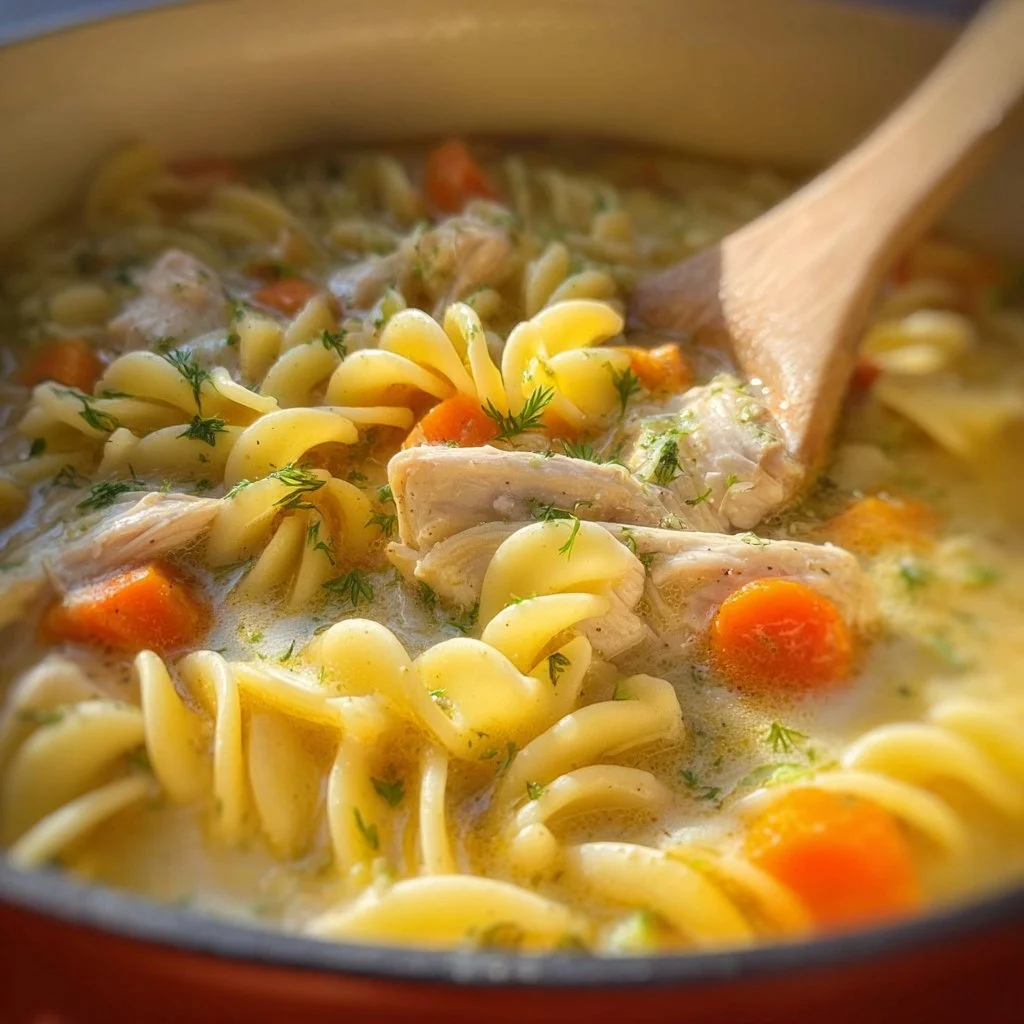 Bowl of creamy chicken noodle soup with vegetables and herbs
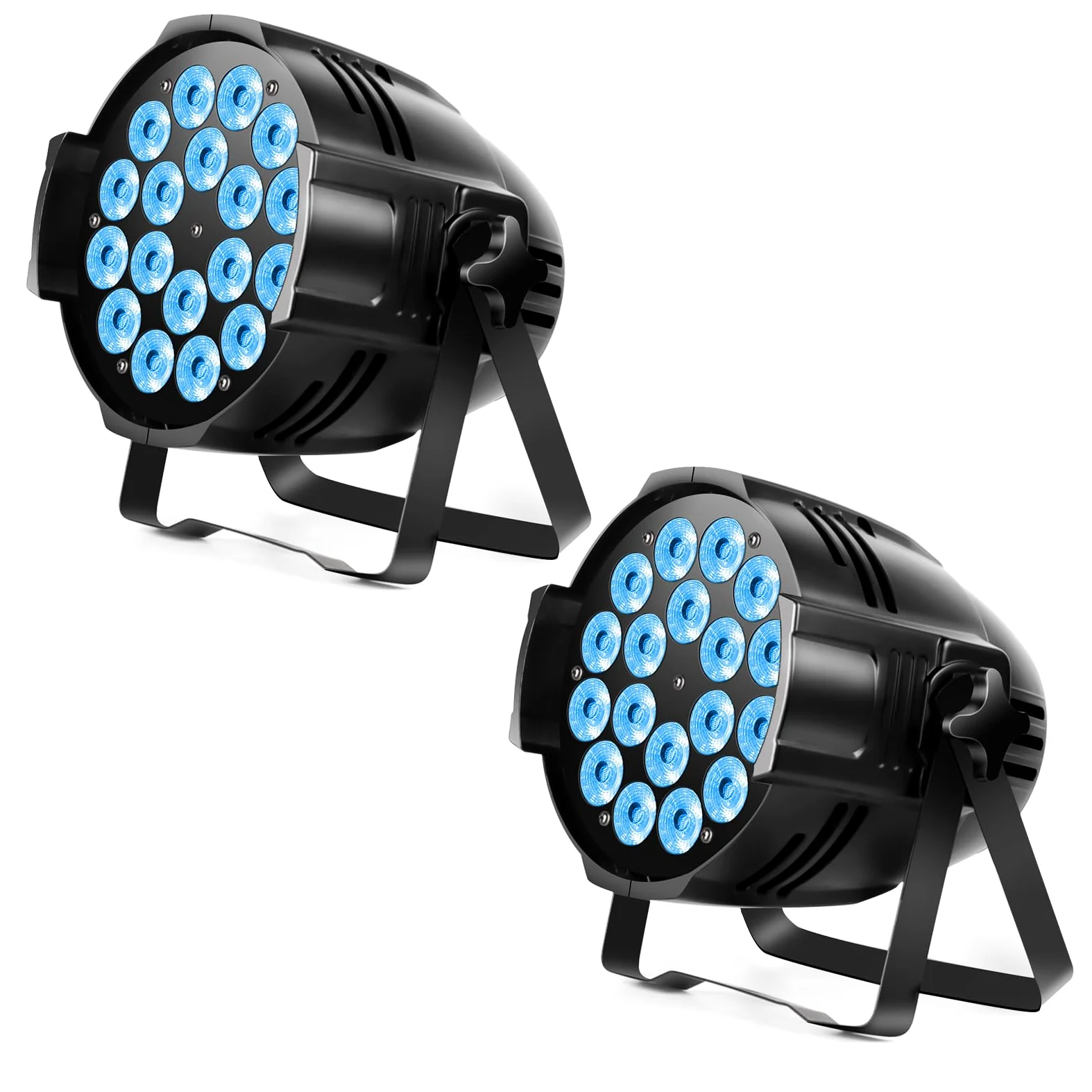 U`King 2PCS Faro Par 18 x 15W LED Luce da Palcoscenico 4 in 1 RGBW Par LED per Illuminazione Palcoscenico con DMX512 e 8 Canali per Feste, Discoteca, Matrimonio, Natale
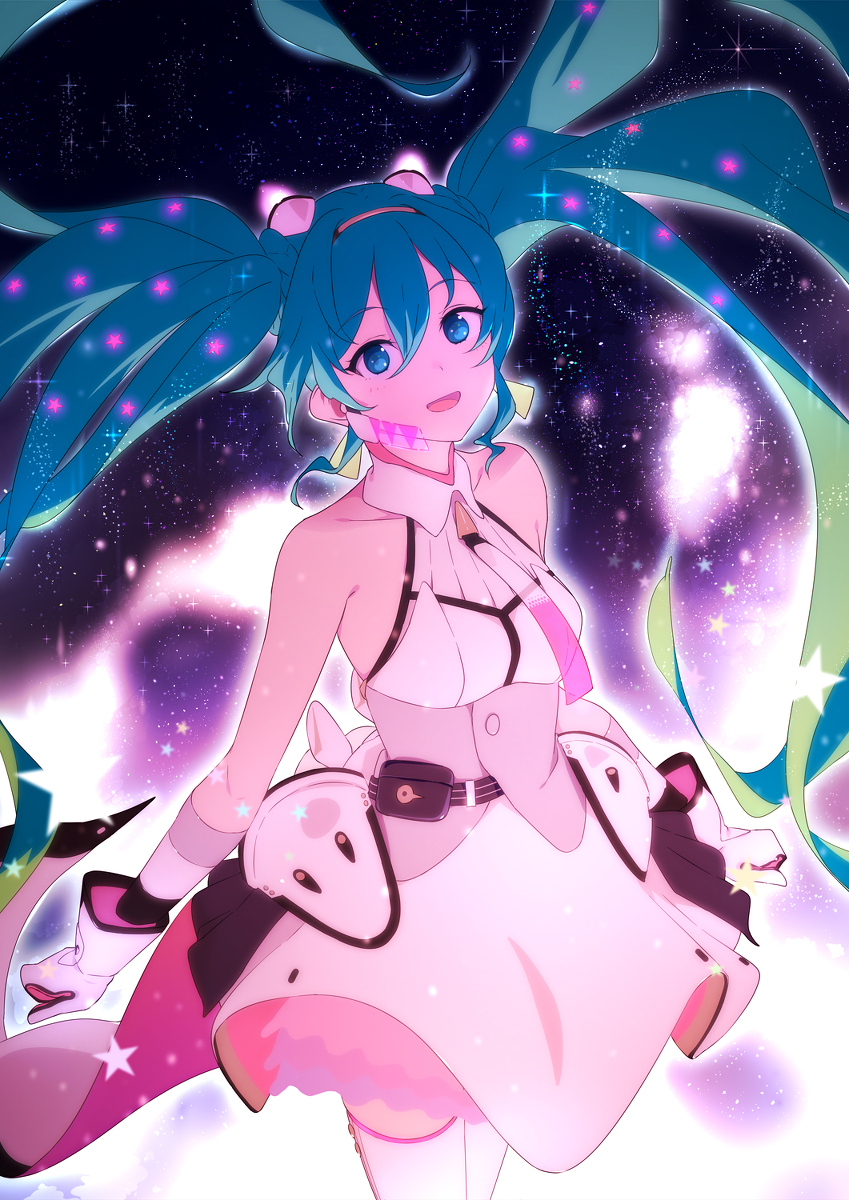 This is a pixiv picture whose title is 初音ミク GALAXY LIVE 2020　応援イラスト.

- Exercise directions -
Where the data contains an image, skip the image and copy everything else exactly as it appears.

- Written solution -
 Bowl of creamy chicken noodle soup with vegetables and herbs
 U`King 2PCS Faro Par 18 x 15W LED Luce da Palcoscenico 4 in 1 RGBW Par LED per Illuminazione Palcoscenico con DMX512 e 8 Canali per Feste, Discoteca, Matrimonio, Natale
 This is a pixiv picture whose title is 初音ミク GALAXY LIVE 2020　応援イラスト.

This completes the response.